As promised, here is the first of many (I hope) guest blogs from readers sharing their own confidence stories or thoughts. This one is from Gill — please feel free to ask her any questions in the comments section! Over to you Gill:
Regaining my confidence after a break from riding has been interesting. I learned to ride at the age of 24 in 1974, whilst working as a nurse, my students used to point out all the people in the orthopaedic ward who had fallen off horses!! Not a great start.
Anyway I continued and took BHS stage 1 and 2 in 1976/77 before cutting back on my riding to have a family.
My second daughter was instrumental in me buying our first pony – we still have this pony – now 26.
Kit was never an easy ride, spooky and a “forwardaholic” – extreme right brained extrovert in Parelli terms. No standstill and few brakes round the show jumps, but we love her and didn’t at that point want her any different.
The pony was wonderful once you learned to push the right buttons and all I did was think what i wanted to do and she would oblige – so subtle were the aids.
Over the year however I fell off her quite often – usually when walking round the sand school or fields as she was very quick to out focus me and gradually I lost my previous confidence. Even riding our very laid back cob was at first challenging – he is very inquisitive and always has his pricked forward – now if that had been Kit I knew I had lost her attention and she was about to spook at something. However Dougal was a gem and we would happily hack out with friends or alone. We started western riding and dabbled with the Parelli training methods. I could ride Dougal with just seat and leg aids – no reins required.
Then my older daughter took him to Devon so that left me with Kit who was still dumping me on the floor occasionally. Eventually Kit went to be with my youngest daughter in Littlehampton. So I was horseless and happy after years of looking after them and driving around the country with my daughter competing. It was quite enjoyable for a year or 2, then we went to James Roberts Foundation Station in Wiltshire to have my daughters ex-show jumper restarted. (That is another story of broken confidence).
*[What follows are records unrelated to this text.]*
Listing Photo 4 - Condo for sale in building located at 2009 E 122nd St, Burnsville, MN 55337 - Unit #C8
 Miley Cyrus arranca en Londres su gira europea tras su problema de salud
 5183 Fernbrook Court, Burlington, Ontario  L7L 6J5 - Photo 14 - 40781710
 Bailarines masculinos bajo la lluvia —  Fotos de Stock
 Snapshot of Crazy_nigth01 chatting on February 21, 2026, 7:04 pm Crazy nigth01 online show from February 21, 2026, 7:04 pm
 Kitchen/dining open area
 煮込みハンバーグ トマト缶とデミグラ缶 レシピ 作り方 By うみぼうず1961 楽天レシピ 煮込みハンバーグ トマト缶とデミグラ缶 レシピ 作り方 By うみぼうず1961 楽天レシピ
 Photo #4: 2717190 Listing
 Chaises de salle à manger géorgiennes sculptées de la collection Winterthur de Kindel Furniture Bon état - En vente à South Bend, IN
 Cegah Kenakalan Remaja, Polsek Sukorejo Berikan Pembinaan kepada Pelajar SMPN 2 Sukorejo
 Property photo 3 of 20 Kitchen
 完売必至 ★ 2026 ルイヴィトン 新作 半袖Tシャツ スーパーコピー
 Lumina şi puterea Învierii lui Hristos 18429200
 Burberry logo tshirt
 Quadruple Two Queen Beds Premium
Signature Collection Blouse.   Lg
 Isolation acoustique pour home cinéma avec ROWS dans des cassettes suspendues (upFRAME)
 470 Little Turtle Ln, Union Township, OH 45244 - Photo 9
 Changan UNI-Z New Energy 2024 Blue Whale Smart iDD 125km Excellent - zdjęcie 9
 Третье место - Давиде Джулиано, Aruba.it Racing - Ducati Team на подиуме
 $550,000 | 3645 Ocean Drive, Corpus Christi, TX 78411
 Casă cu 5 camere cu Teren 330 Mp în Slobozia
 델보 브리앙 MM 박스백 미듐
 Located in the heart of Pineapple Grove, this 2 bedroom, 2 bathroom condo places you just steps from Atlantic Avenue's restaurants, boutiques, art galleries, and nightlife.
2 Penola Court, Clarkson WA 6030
James is a 3* Parelli professional and is brilliant at getting down to the nitty gritty of problems and making a plan for you to work through to gain confidence by working with the horse and not against it.
In August this year we took a youngster to James to be started and took the show jumper for an Experience week. Watching this and the other students got me so enthusiastic that I wanted to join in! As my pony is semi-retired I went home to look for something to ride – my friend offered her hafflinger.
This pony is 14.1 so small enough for me to feel safe on, I started having western lessons on her and am really enjoying the experience. Even after only 3 lessons my instructor can see a difference, the instructor understands my lack of confidence and we work together so I feel safe.
Other things have helped – Cathy’s blog has been inspirational and I have been re-reading Mary Wanless’s book “Ride with your Mind Essentials” – lots of exercises to improve core strength, correct breathing and improving posture.
What I visualise is the JRFS students doing an exercise to improve jumping turns and prepare the horse for canter pirouettes, I was virtually riding these whilst watching them – as I knew I could do this in the past and there is no reason why I can’t do it again. In my last western lesson I was loping quite happily round cones and felt very secure – this is what I will remember next time and gradually build on this.
I have recently ridden Dougal and Kit and have now bought another little cob – Benny – to continue my journey. Benny and I will be going to James Roberts next April to improve together and hopefully learn some more strategies for being safe and secure in the saddle and have some fun.
The photo is of me on Dougal – with my tongue out I was concentrating so hard! I will get some of Benny and me together once has settled in.
Thanks for the article Gill! The more we share our confidence stories and realise we are not alone, and that there are many paths to confidence — the more confident we can all be about our futures with our horses.